Brakke found out Smongesky had twice rebuilt the engine and painted the
Mustang from its old gold color to silver-blue.
"He wasn't too happy with that," Smongesky said.
The pair planned to meet up to transfer the car soon.
"It was hard but it was the right thing to do," Smongesky said. "I haven't really
cried yet, but when he drives it away, I think I'll fall apart."
--------------------------------
2. Man to reunite with his Mustang
LEAGUE CITY, TX (KTRK) -- We know that truth can be stranger than fiction.And some stories, if you made them up, they wouldn't be believable. That seems to be the case for a League City man and his Ford Mustang, stolen 16 years ago.

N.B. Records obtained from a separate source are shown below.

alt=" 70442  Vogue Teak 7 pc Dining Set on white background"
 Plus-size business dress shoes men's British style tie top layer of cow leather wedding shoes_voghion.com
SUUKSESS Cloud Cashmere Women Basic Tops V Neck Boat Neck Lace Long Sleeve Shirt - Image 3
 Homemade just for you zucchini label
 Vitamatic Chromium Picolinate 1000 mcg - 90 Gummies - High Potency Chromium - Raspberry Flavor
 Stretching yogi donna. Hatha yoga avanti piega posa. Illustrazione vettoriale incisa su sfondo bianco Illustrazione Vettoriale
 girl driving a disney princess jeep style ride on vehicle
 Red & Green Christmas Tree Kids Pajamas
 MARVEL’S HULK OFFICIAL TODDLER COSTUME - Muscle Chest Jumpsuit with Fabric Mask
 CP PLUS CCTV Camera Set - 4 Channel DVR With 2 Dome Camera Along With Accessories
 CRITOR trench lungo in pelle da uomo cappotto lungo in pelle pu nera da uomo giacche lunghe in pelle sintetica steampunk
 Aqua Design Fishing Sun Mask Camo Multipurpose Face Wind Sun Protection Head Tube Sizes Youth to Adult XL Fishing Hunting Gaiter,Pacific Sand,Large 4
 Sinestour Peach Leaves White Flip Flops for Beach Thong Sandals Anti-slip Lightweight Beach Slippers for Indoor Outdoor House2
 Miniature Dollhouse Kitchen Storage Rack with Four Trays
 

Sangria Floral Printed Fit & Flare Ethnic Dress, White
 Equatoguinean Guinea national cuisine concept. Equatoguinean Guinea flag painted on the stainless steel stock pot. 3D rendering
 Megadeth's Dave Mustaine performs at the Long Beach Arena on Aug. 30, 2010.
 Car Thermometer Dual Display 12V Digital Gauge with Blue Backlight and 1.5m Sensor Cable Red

Andy Felchak's mom gave him her 66 Ford Mustang when he was a junior in high school in 1991. He spent a year painstakingly restoring it inside and out, only to have it stolen from a Crosby grocery store parking lot.
He has spent much of his adult life aching over that missing car. That is, he had until now.
Felchak loved his '66 Mustang. "I took time to restore it after she gave it to me," he said. "I had the motor redone. I had some front end work redone. Also got it painted and replaced all of the interior."
But then one day at work, someone stole it.
"Never really thought I'd see it again," he said. "After a year or two passed, I was pretty confident I wasn't gonna see it."
But for some reason, Andy and his parents kept stacks of photos of that sky blue classic. They kept the title, still in Andy's name. They even kept the keys.
But then one day a couple of months ago, Andy got a call from a detective in Wichita, Kansas.
"He said he thought he had my car," said Andy.
And in fact he did. A woman in Kansas tried to register the car and it came up stolen all these years later. She was probably the fourth or fifth person to have that car since 1992, the first one outside of Texas.
It's a little worse for wear. Andy doesn't care. He's already cleaned out his garage and is ready to go pick it up in a couple of weeks.
"Are you planning on putting an alarm system or a Lo-jack in it?" we asked.
"I'm gonna do something," he said. "Definitely don't want to get it stolen again."
And maybe one day, he says, he'll give it to his daughter.
Interestingly, Felchak is getting the car back because he didn't have it insured in 1992. He only had liability coverage. If it had been insured, he couldn't keep it. It would have belonged to the insurance company.
Is there a moral here? Surely not the lack of insurance angle, but maybe it is that the system
actually or occasionally works?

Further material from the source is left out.